Anquetil-Duperron, the son of a spice importer, had dedicated himself to classical studies and philology. He travelled to India in 1754 and ended up spending eight years in the country, learning Persian, Sanskrit and other Indian languages as well as Zoroastrian theology. He published the first European translation of the Avesta and became the first professional French Indologist. It was he who conceived the institutional framework for the profession.
“It is true that a few missionaries have already produced some work on Asia that is important and even essential in its genre,” Anquetil-Duperron wrote. “European scholars have also extended the field of our knowledge in the same area. However, their work suffers from certain drawbacks. On the one hand, these relate to the duties attached to the state of being a missionary.
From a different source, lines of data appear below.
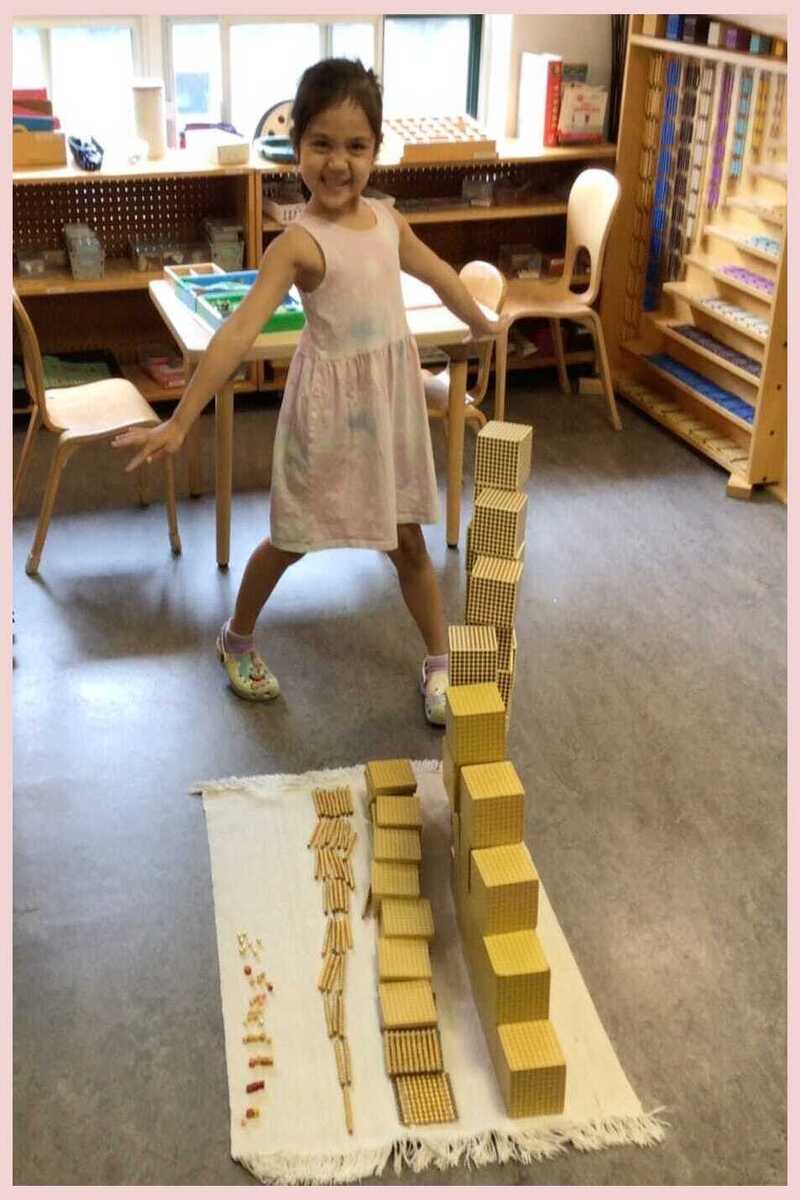 A child smiling and showing the Bird's Eye View she made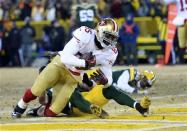 Jan 5, 2014; Green Bay, WI, USA; San Francisco 49ers tight end Vernon Davis (85) makes a touchdown catch against Green Bay Packers strong safety Morgan Burnett (42) and inside linebacker A.J. Hawk (50)during the second haf of the 2013 NFC wild card playoff football game at Lambeau Field. Mandatory Credit: Mike DiNovo-USA TODAY Sports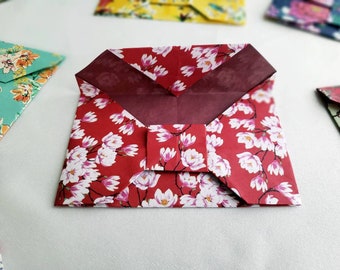 Puede incluir: Un sobre de origami rojo con un patrón floral blanco. El sobre está doblado en un estilo japonés tradicional con una solapa en la parte delantera.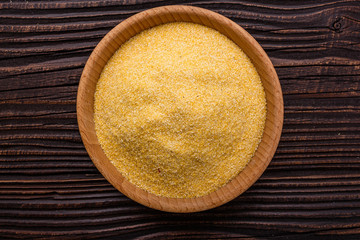 raw Italian corn porridge polenta on a rustic wooden background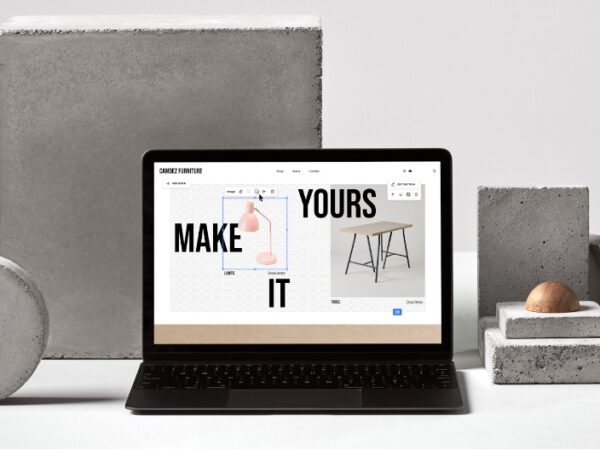 Laptop displaying furniture design site surrounded by concrete blocks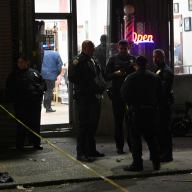 Officers from Brooklyn's 75th Precinct investigate their first shooting of 2025 on Wednesday night, Jan. 1, that left a man wounded in a barber shop on Stanley Avenue in East New York.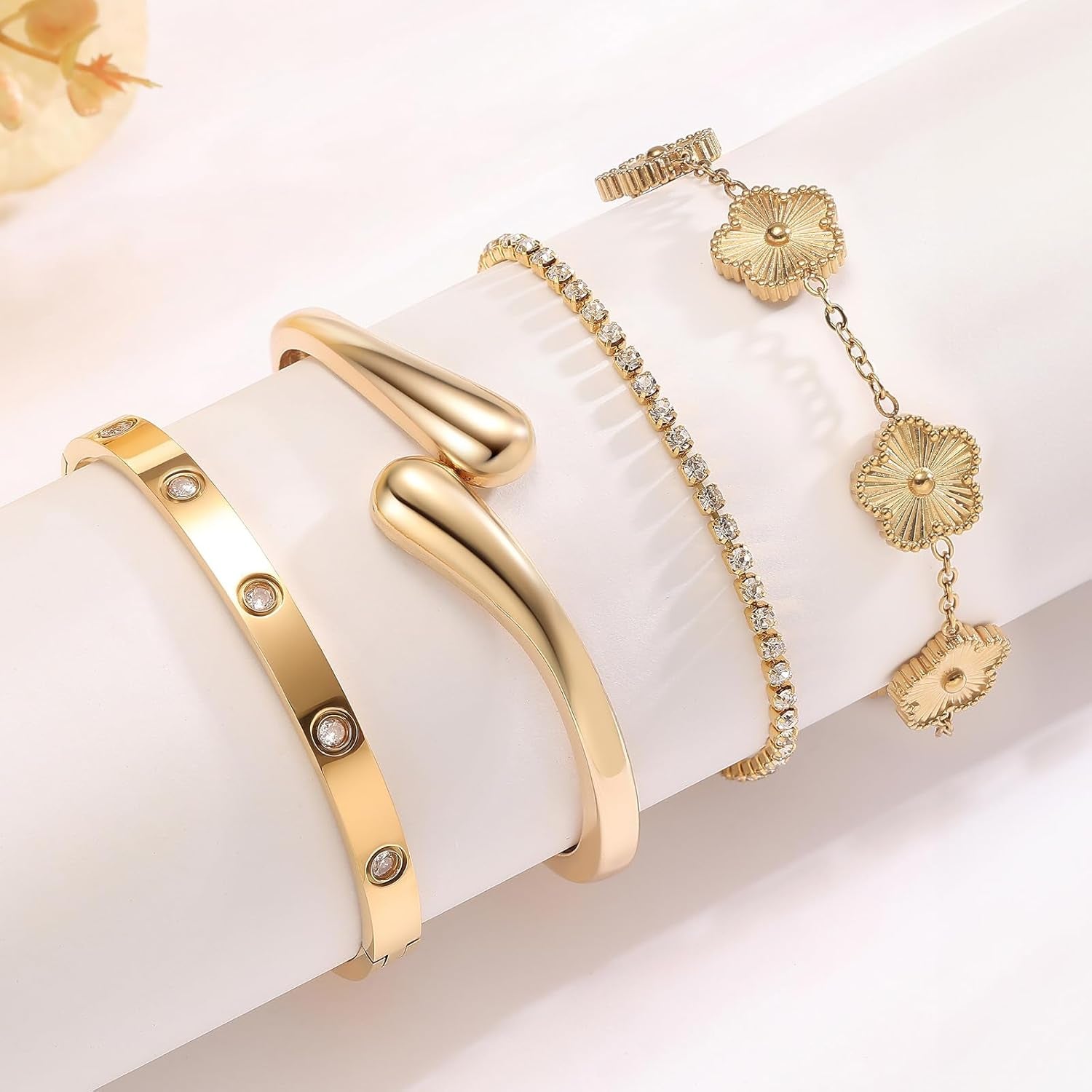 Woman wearing PDWZNBA gold plated stackable bracelets together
On the other, there are drawbacks such as being deprived of the company of Orientals, and the advantages of being able to do all things they do, and seeing things with their eyes.”
Anquetil-Duperron insisted that another way had to be tried or else these disadvantages would prevent France from having a “satisfactory understanding” of Asian countries. “This gulf will never be bridged by simple travellers’ tales from soldiers, sailors or traders,” he warned.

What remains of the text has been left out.